# Strangest comment/question?



## Lin (Jul 3, 2007)

I was just talking with my bf about strange comments when out with the dogs. Especially with Tessa since she's my service dog, so I hear a lot of weird comments! So what is the strangest thing you've been told or asked? I don't mean the usual, like oh your dog must be a mix or is it a purebred/police dog but really unusual encounters! I thought about just posting this in the working/service dog area but you could get strange comments on the street or in a pet store as well!

I had the strangest encounter ever when at the Earth Day celebration downtown with Tessa. A guy approached me looking at Tessa in her harness and bags, and asked if I could help him. He then pulls a key out of his pocket and explains he lost his car keys while walking around. He wanted to know if Tessa could smell the key he had in his hand, and then find his car keys for him :crazy:


----------



## Jessiewessie99 (Mar 6, 2009)

Is it only for service/working dog?Or just any GSD?


----------



## Lin (Jul 3, 2007)

stories from any GSD, or any breed really! Just unsual stuff that made you go "what?!"


----------



## VaBeachFamily (Apr 12, 2005)

Not THAT unusual... but I get a lot of the 

" wow, look at those feet... is he going to be big?" and " is he supposed to be that big at that age"

Dur... uhhhh besides the feet, he is clearly a large puppy! Unless they started breeding mini GSDs I imagine the question will always seem dumb to me.

With gizmo.. I think it's the
" is that a pit bull"... and once I have answered it is " didn't you know they are mean?"
Sure do.. so you better back up before she EATS you... stupid people


----------



## doggiedad (Dec 2, 2007)

maybe not such a strange question. GSD's are known for
scenting. i can hide my keys and have my dog find them.



Lin said:


> A guy approached me looking at Tessa in her harness and bags, and asked if I could help him. He then pulls a key out of his pocket and explains he lost his car keys while walking around. He wanted to know if Tessa could smell the key he had in his hand, and then find his car keys for him :crazy:


----------



## Metalsmith (Mar 25, 2009)

We met a guy on one of our daily walks who told me about his sister's German Shepherds. He claimed that her female GSD weighed 175 pounds. And that dog's sire weighed 200. Oh, and of course, they were purebred GSDs. Hmm, yeah. :thinking:


----------



## Dainerra (Nov 14, 2003)

Freya was called a coyote this morning. The guy was like "of course she is. That's why she acts so skittish." umm no, she just doesn't like idiots!


----------



## Lin (Jul 3, 2007)

thanks guys, but this is sounding more like threads we already have! I was thinking more unsual stuff, we've all had comments on stuff like weight/size, purebred, etc. Does anyone have anything bizarre?

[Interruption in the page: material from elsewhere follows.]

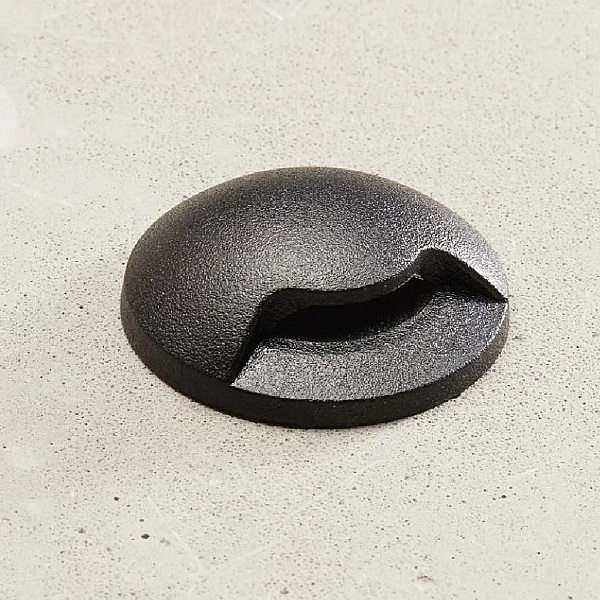 Уличный встраиваемый Aldo 1L1.000.000.AXZ1L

doggiedad, it was unusual. This man did not know me or my dog. Tessa is a trained mobility assistance service dog, she has not been trained in scent tracking. I was out trying to enjoy the festival, when this guy approached me.


----------



## VaBeachFamily (Apr 12, 2005)

Hm, only other " odd " thing I get asked is " is that really a purebred?" 

DUH


----------



## chudsosoft (Feb 9, 2010)

The other day I had a dream that I was driving my car and there was somebody sitting behind me in the back seat giving me a haircut. That was pretty strange.

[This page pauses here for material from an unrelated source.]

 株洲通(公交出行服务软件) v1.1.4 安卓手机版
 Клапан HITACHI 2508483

Oh, wait. Was that off-topic?

</sarcasm>


----------



## APBTLove (Feb 23, 2009)

Well, I was asked if Jaeger was a pit bull... Yeah, one of those pit bulls with donkey ears, a long nose, deer legs - OH and a fluffy coat. 
And asked if I'd breed J to their pit bull... Not to strange.


I was informed I needed to feed him hot sauce to make him not trust anyone. What?


----------



## RubyTuesday (Jan 20, 2008)

For the longest time I had my daughter, Simba, her grey Toy Poodle (DOB 02/13-1988), Cochise, a black sable & white blue eyed Siberian Husky (DOB 12/13-1989) & Da Vinci, a red Irish Wolfhound (DOB ~08/15-1993). More than once I was asked if Da Vinci was Cochise's dad! Or if Cochise was Simba's Dad! It was as though people had never heard of different breeds & just assumed the biggest must be the oldest (& the parent to boot!)

Someone once asked if Da Vinci was friendly & when I assured him that he was, he looked at Da V dubiously & declared, "He looks big enough to bite." He didn't look reassured when I retorted, "Cripes! I'm big enough to bite."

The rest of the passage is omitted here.